= Paul Leopold Friedrich =

German surgeon and bacteriologist

Paul Leopold Friedrich (26 January 1864 – 15 January 1916) was a German surgeon and bacteriologist born in the town of Roda, Saxe-Altenburg.

In 1888 he received his doctorate at the University of Leipzig, and as a young assistant worked under Robert Koch (1843–1910) at the Reich Health Office in Berlin. From 1894 he worked as a privat-docent of surgery in Leipzig, where in 1896 he became an associate professor. Later he served as a professor at the Universities of Greifswald (from 1903), Marburg (from 1907) and Königsberg (from 1911). At Greifswald he succeeded August Bier (1861–1949) as director of the Surgical University Hospital. Two of Friedrich's well-known assistants were Ferdinand Sauerbruch (1875–1951) and Martin Kirschner (1879–1942).
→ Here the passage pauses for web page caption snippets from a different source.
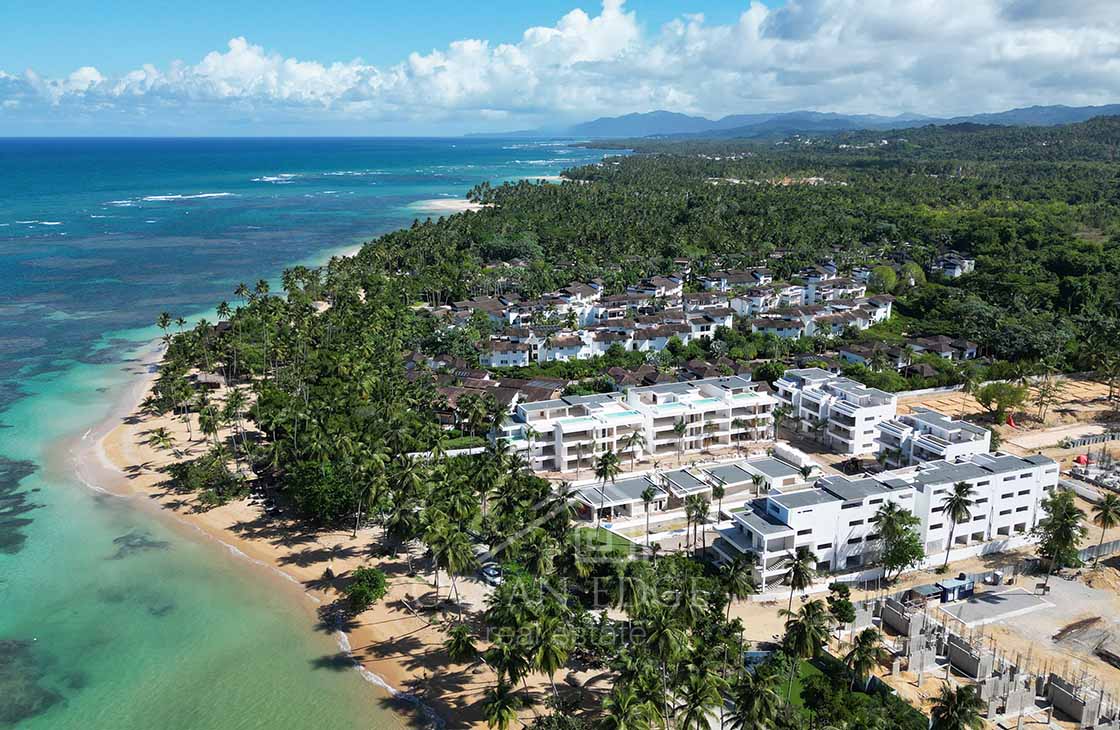 Beachfront Penthouse with private pool on Portillo Beach-las-terrenas-ocean-edge-real-estate-Dec (4)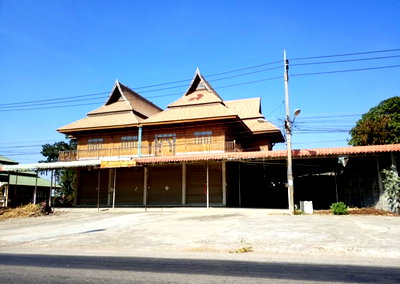 บ้านเดี่ยว กาฬสินธุ์ : บ้านครึ่งตึกครึ่งไม้ สำหรับขาย บ้านครึ่งตึกครึ่งไม้ บ้านหนองบัวบาน จัตุรัส-ชัยภูมิ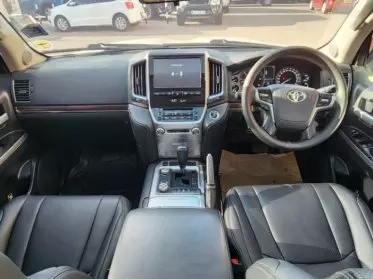 Toyota Land Cruiser V8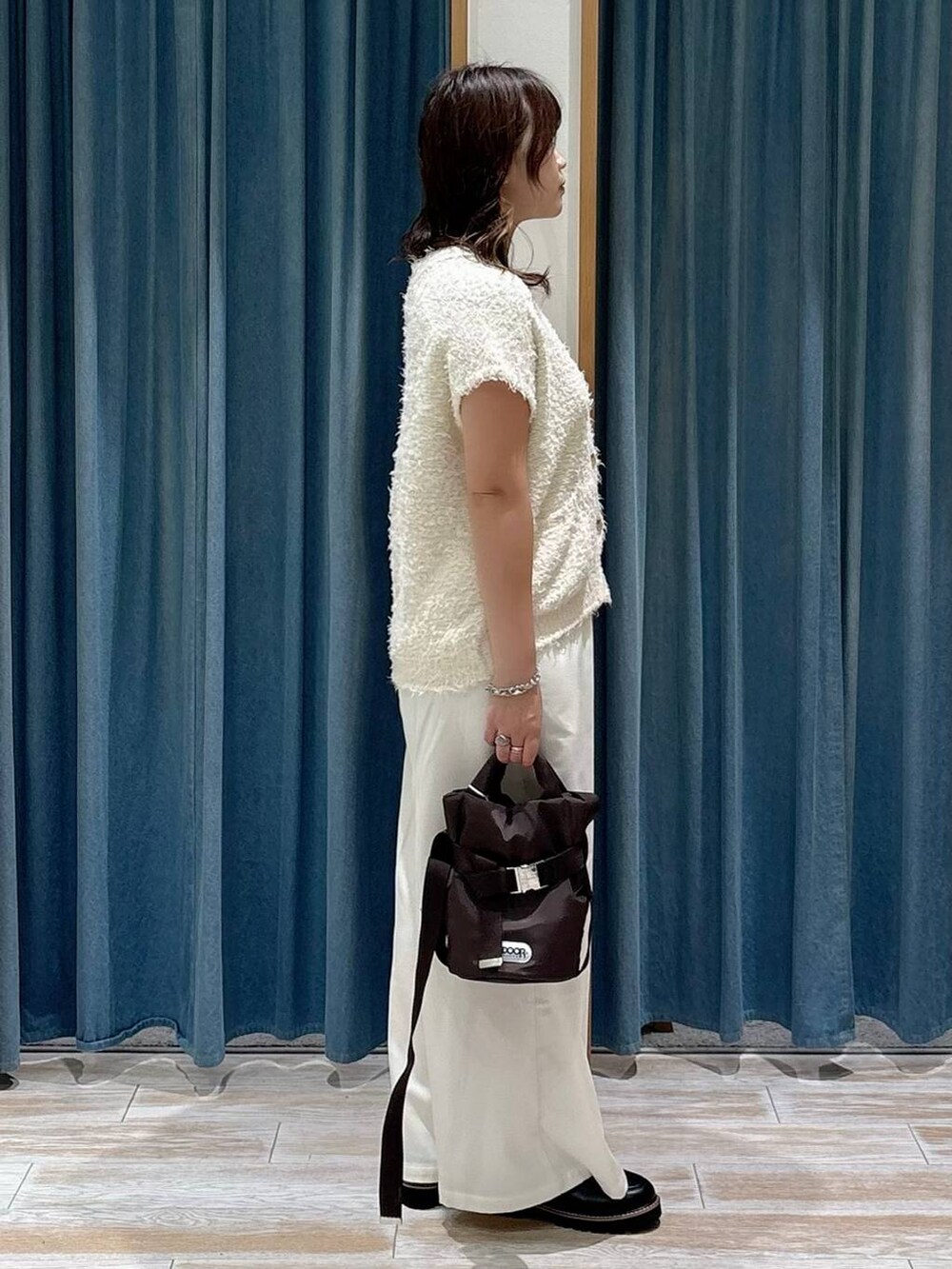 ベージュ系のその他パンツ、ブラウン系のキャミソール、ブラック系のローファーを着用したレディースの秋コーディネートの2枚目の写真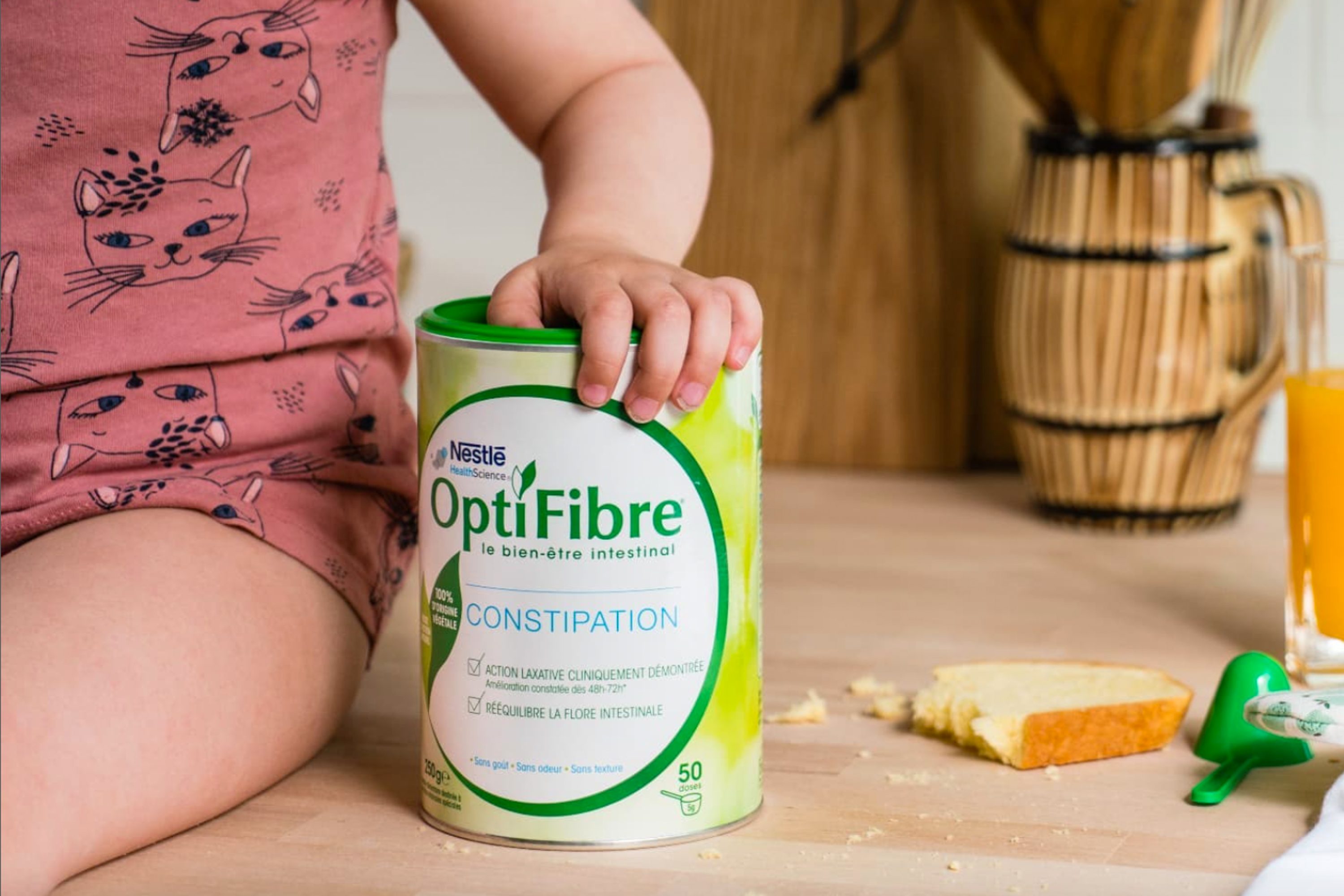 Enfant avec pot Optifibre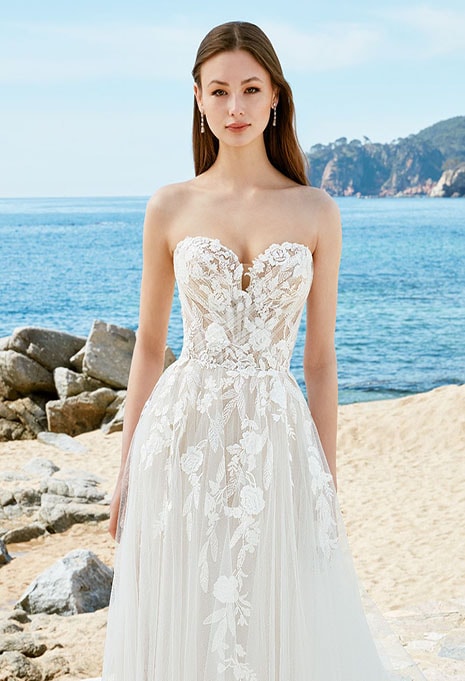 love-aisha-dress-image-3 close-up of Love Aisha wedding dress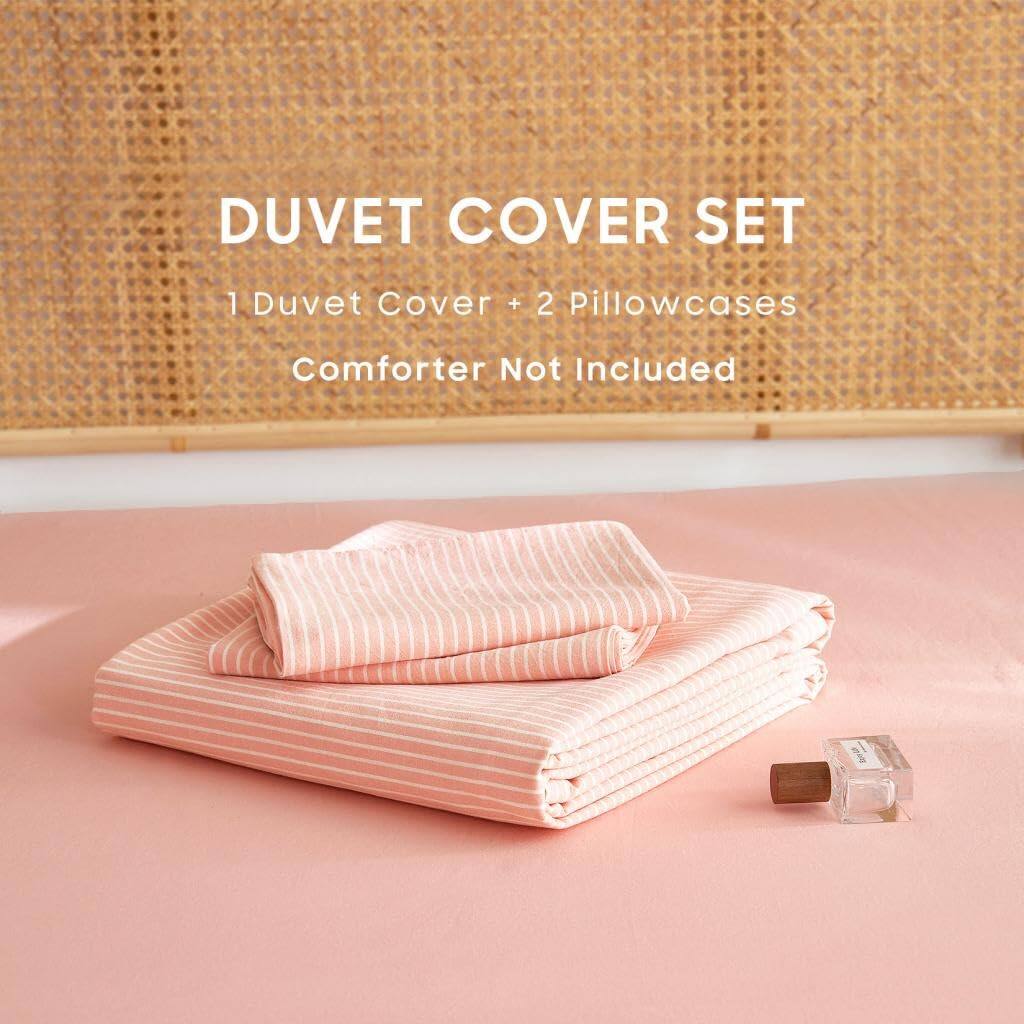 DUVET COVER SET  
1 Duvet Cover + 2 Pillowcases  
Comforter Not Included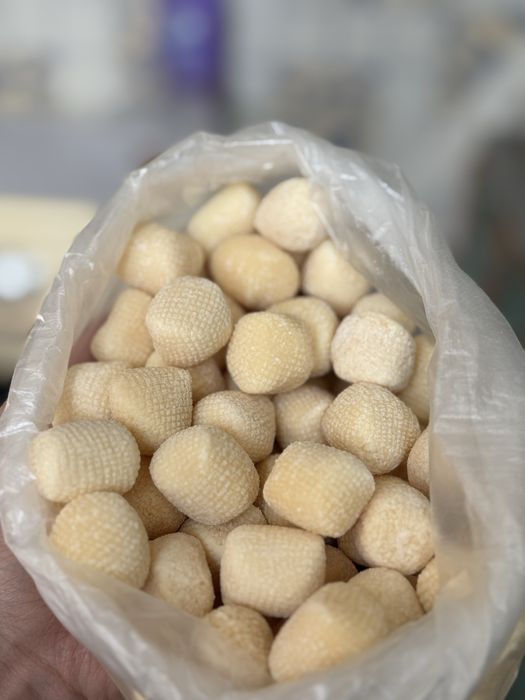 Сатылымда Таза Майлы Құрт бар. Ашщы емес Дәмі керемет.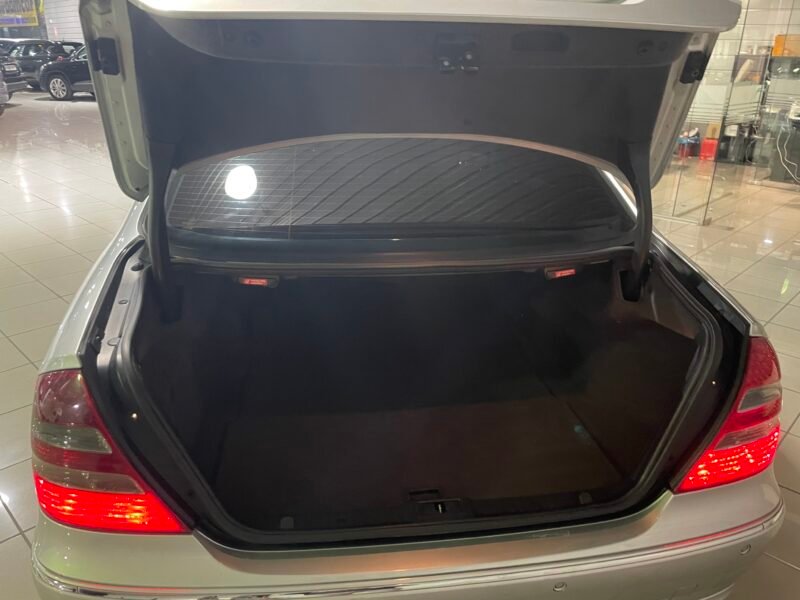 MERCEDES-BENZ E 270CDI 270CDI AVANTGARDE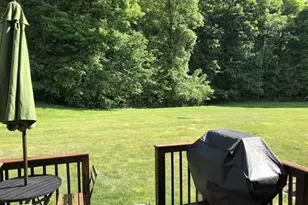 141 Pinebrook Dr, Hyde Park, NY 12538 - Photo 17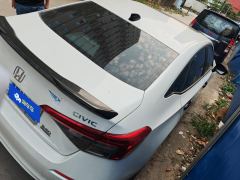 Honda Civic 240TURBO CVT Combustion Edition - фото 2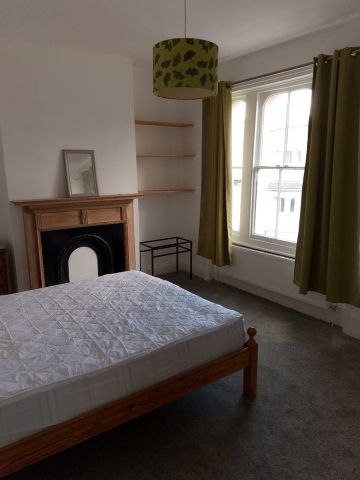 5 Bed Terraced House, Clinton Road, E3 - Photo 4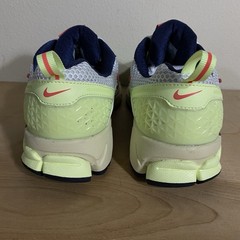 Nike Vomero 5 Barely Volt MidnIght Navy GS – Size 6.5Y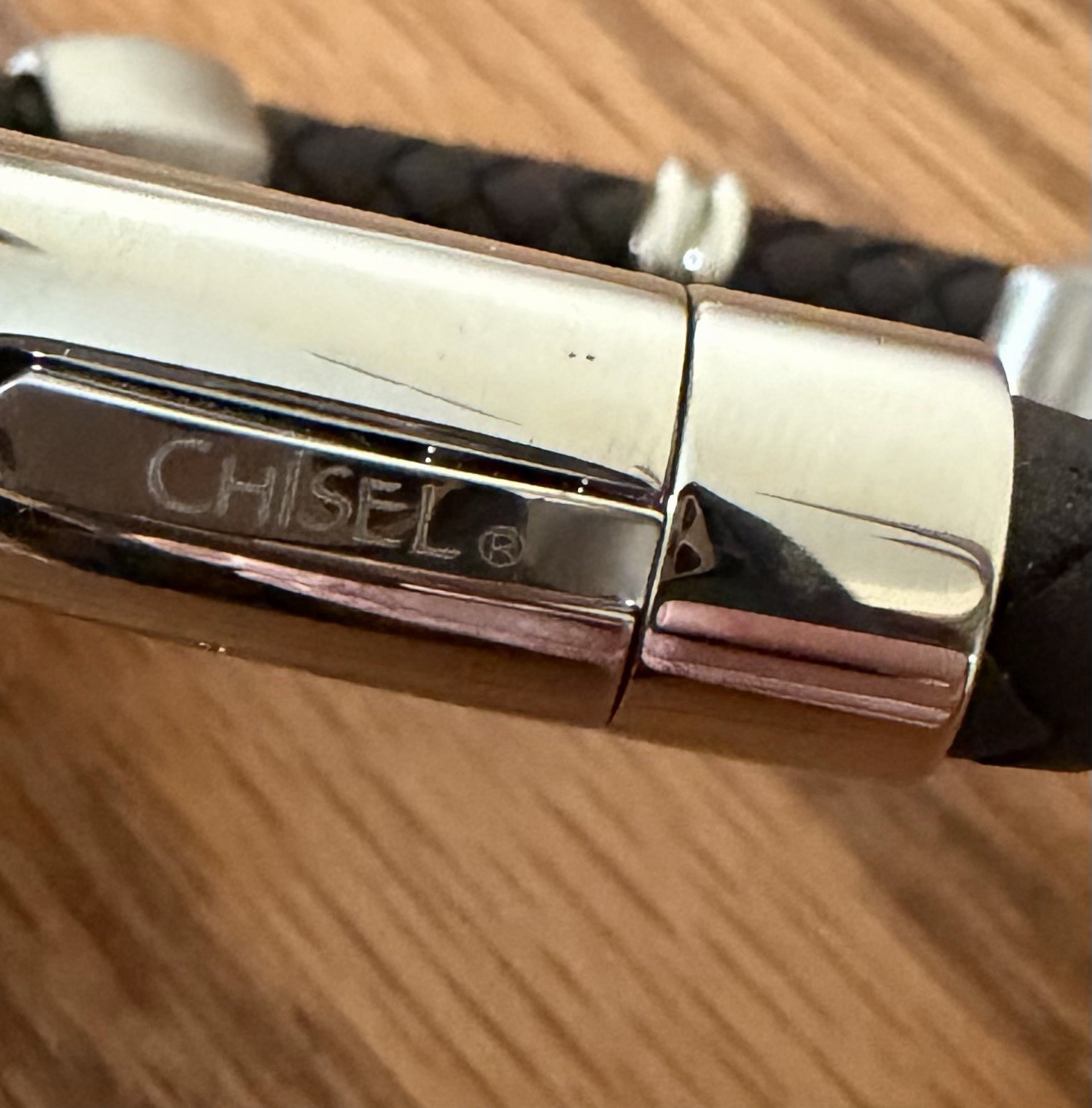 Chisel Men’s Dark Brown Braided Leather Bracelet w/Stainless Steel 8.25” EUC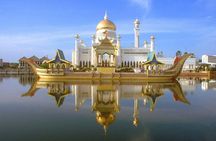 Brunei Half Day City Tour with Royal Regalia & Sultan Omar Ali Saifuddin Mosque
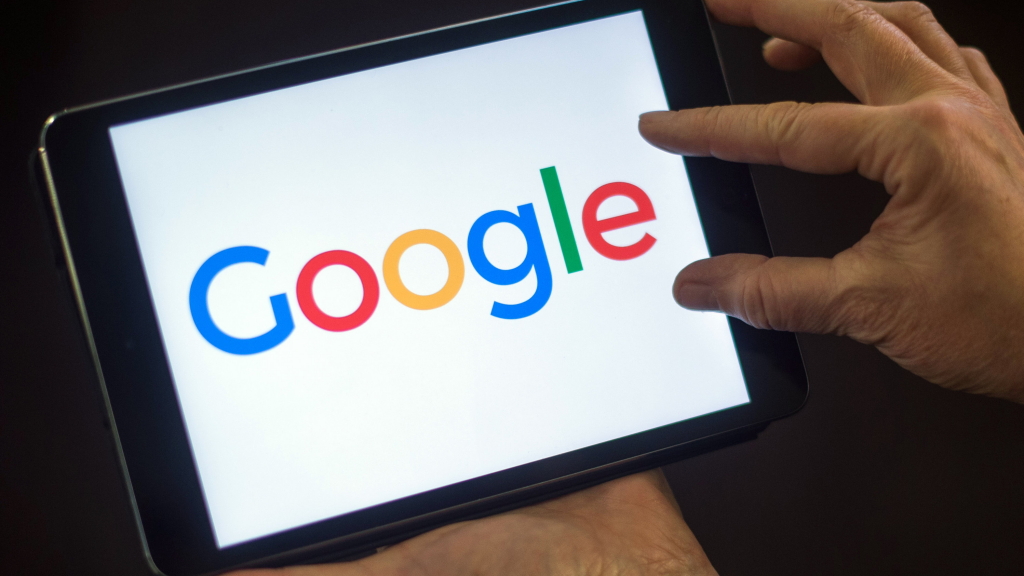 Google Logo auf Tablet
Friedrich was skilled in many aspects of surgery, including pioneer work in the field of thoracic surgery (lungs). He is remembered for his studies of wound treatment and his efforts to reduce bacterial infections. Through experimentation, he demonstrated the importance of debridement (removal of infected tissue) within a six-hour time limit. He also did extensive work involving diseases that included peritonitis and tuberculosis. He is credited for introducing the practice of using seamless rubber gloves during surgery.